This package implements a nearest-centroid transcriptomic classifier, that assigns class labels according to the consensus molecular classification of Muscle-Invasive Bladder Cancer (Manuscript submitted). The consensus classification identifies 6 molecular classes : Luminal Papillary (LumP), Luminal Non Specified (LumNS), Luminal Unstable (LumU), Stroma-rich, Basal/Squamous (Ba/Sq), Neuroendocrine-like (NE-like).
Two example data sets are provided to run the classifier.

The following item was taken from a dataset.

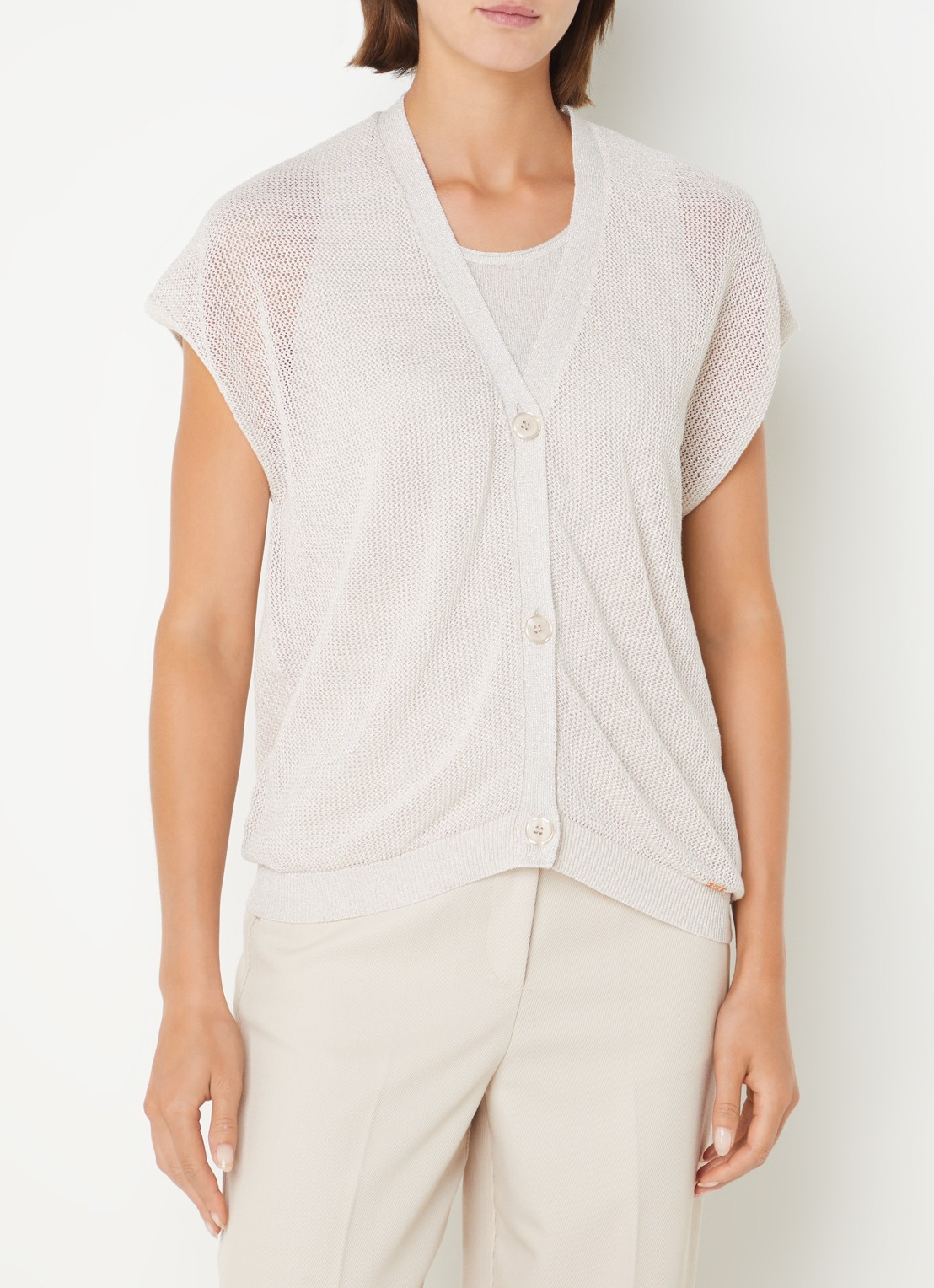 CINQUE Cilulo grofgebreid vest met lurex - detail 4 donkerbeige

For now, you can cite the following bioRxiv preprint: bioRxiv 488460; doi: https://doi.org/10.1101/488460
You may install this package with devtools:
library(devtools)
devtools::install_github("cit-bioinfo/consensusMIBC", build_vignettes = TRUE)
library(consensusMIBC)
To see example results for the consensusMIBC package, use the package vignette:
vignette("consensusMIBC")
getConsensusClass(x, minCor = .2, gene_id = c("entrezgene", "ensembl_gene_id", "hgnc_symbol")[1])
Where x
is either a single named vector of gene expression values or a dataframe formatted according to the example data sets provided (unique genes in row, samples in column). Gene names (vector names or dataframe rownames) may be supplied as Entrez IDs, Ensembl gene IDs, or HUGO gene symbols. RNA-seq data needs to be log-transformed, for example using log2(normalized counts + 1).
minCor
is a numeric value specifying a confidence minimal threshold for best Pearson's correlation. Classifier predictions relying on a correlation lower than minCor
are set to NA. Default is 0.2
.
gene_id
is a character value specifying the type of gene identifiers used for the names/rownames of x : entrezgene
for Entrez IDs, ensembl_gene_id
for Ensembl gene IDs, or hgnc_symbol
for HUGO gene symbols. Default value is entrezgene
.
data(tcgadat)
# Single sample classification
getConsensusClass(tcga.dat[, 1])
# consensusClass adjusted_pval separationLevel LumP LumNS LumU Stroma-rich Ba/Sq NE-like
#ss LumP 1.698954e-90 0.6626931 0.6176298 0.5735781 0.5641684 0.589056 0.575446 0.1820276
# Classification of a matrix of samples
res <- getConsensusClass(tcga.dat)
head(res)
# consensusClass cor_pval separationLevel LumP LumNS LumU Stroma-rich Ba/Sq NE-like
#TCGA-2F-A9KO-01A LumP 1.698954e-90 0.6626931 0.6176298 0.5735781 0.5641684 0.5890560 0.5754460 0.1820276
#TCGA-2F-A9KP-01A LumP 8.546007e-142 0.3213549 0.7284300 0.6806556 0.6938315 0.5608757 0.4695459 0.2734213
#TCGA-2F-A9KQ-01A LumP 8.031287e-137 0.5460606 0.7196396 0.6443850 0.6345979 0.5290542 0.4500750 0.2041000
#TCGA-2F-A9KR-01A Ba/Sq 3.288756e-94 0.2368501 0.5980346 0.4938276 0.4900237 0.5126923 0.6274487 0.2116246
#TCGA-2F-A9KT-01A Ba/Sq 3.171797e-108 0.6737278 0.5772637 0.5144653 0.5335134 0.5393338 0.6615954 0.2865093
#TCGA-2F-A9KW-01A LumU 6.990305e-83 0.6139238 0.5136967 0.5527899 0.5963426 0.5371054 0.4725626 0.3087334
table(res$consensusClass)
## Ba/Sq LumNS LumP LumU NE-like Stroma-rich
## 153 21 128 53 6 45
The classifier returns a dataframe with 9 columns :
consensusClass
returns the consensus calls for each sample. Calls are set to NA for low confidence predictions (maximal correlation is below the given minCor
parameter).
cor_pval
returns the p-value(s) associated to the Pearson's correlation of the sample(s) with the nearest centroid.
separationLevel
gives a measure of how a sample is representative of its consensus class. It ranges from 0 to 1, with 0 meaning the sample is too close to other consensus classes to be confidently assigned one consensus class label, and 1 meaning the sample is highly representative of its consensus class and well separated from the other consensus classes. The separationLevel is measured as follows : (correlation to nearest centroid - correlation to second nearest centroid) / median difference of sample-to-centroid correlation.
The 6 other columns return the Pearson's correlation between each sample and each consensus class.